О скупости и связанных с ней вещах. Тема и вариации | страница 38



. Обращение может присутствовать уже в самом имени: большая международная торговая сеть, скажем, берет себе название «Interspar», название, которое содержит в себе программу. Магазин, согласно его понятию, всегда «inter», и, конечно, когда вы покупаете, то экономите (нем. sparen), призвание магазина – сэкономленные средства покупателей. Рынок позиционирует себя в виде одной перманентной распродажи, серии особых предложений, где вы, в конце концов, не можете поступить иначе: вы лучше без надобности отдадите 10 000 толаров, чтобы сэкономить 2000. То первое удовольствие может полностью перейти на службу второму, бесполезная покупка все же достигла своей цели – своего goal, если уж она не попала в свой aim. Второе избыточное удовольствие становится формой проявления первого. С тем только, что первое обращение, если оно призвано быть эффективным, всегда должно быть отличным и должно предлагать всё новые и новые объекты и модусы удовольствия, второе же, напротив, всегда должно быть тем же самым, оно опирается на вечное возвращение всегда одного и того же модуса наслаждения.

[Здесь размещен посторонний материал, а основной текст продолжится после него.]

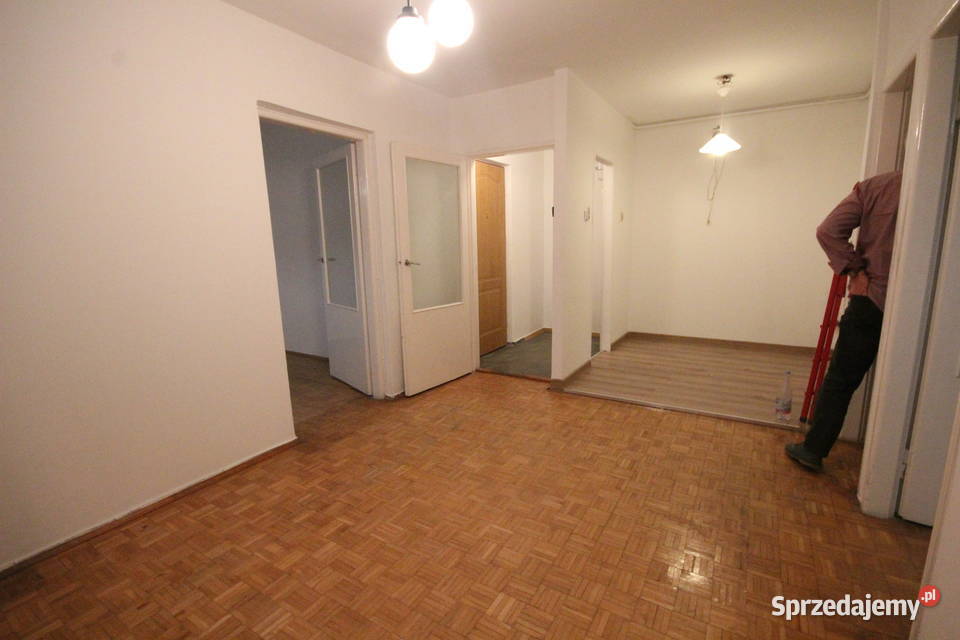 3pok 45met Sky Towera LOGGIAPIWNICAWINDA Wrocław blok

В рекламном дискурсе, таким образом, постоянно присутствует двойной призыв, призыв наслаждения и призыв экономии, и оба в своем видимом противоречии поддерживают друг друга. Один образ удовольствия – это удовольствие расходования, как трата, которая ничему не служит (и это одно из лакановских определений наслаждения – то, что ничему не служит). Речь идет о потере, в потреблении что-то теряется, потребляется безвозвратно[31]. И поэтому здесь под рукой еще одна сторона удовольствия, которая проявляет себя в виде экономии как сохранении для себя, для сбережения, накопления, не для употребления. Ничто не исчезает бесследно, сколько бы мы ни расходовали и ни наслаждались. Или еще лучше: мы действительно можем расходовать и получать наслаждение лишь при условии, что ничто не пропадает бесследно. Если первая сторона угрожает потерей, неэкономной тратой, то вторая уравновешивает ее при помощи сбереженной суммы. Более того, первая сторона необходимо становится функцией второй – наслаждение, как и расходование, становится возможным лишь в образе удовольствия как экономии. И это гениальная и фатальная идея капитализма, общественного порядка, которому удалось превратить расходование в форму экономии. Только теперь может выйти на авансцену скупость в своей универсальной и развитой форме. Скупость перестала демонстрировать себя в виде анахроничного образа пересчитывания золотых монет, истинной и вездесущей моделью скупца становится фигура, намного более тривиальная и более повсеместно распространенная, чем одинокие Гарпагоны, в частности, фигура потребителя. Потребительское общество так или иначе показывает себя как общество универсальной скупости, так что (как написали уже многие авторы) это название не могло быть более обманчивым: ни одно общество еще не было столь мало потребительским, чем наше. Потребительское общество – это общество, которому удалось подавить потребление и полностью перевести его на сторону экономии и накопления.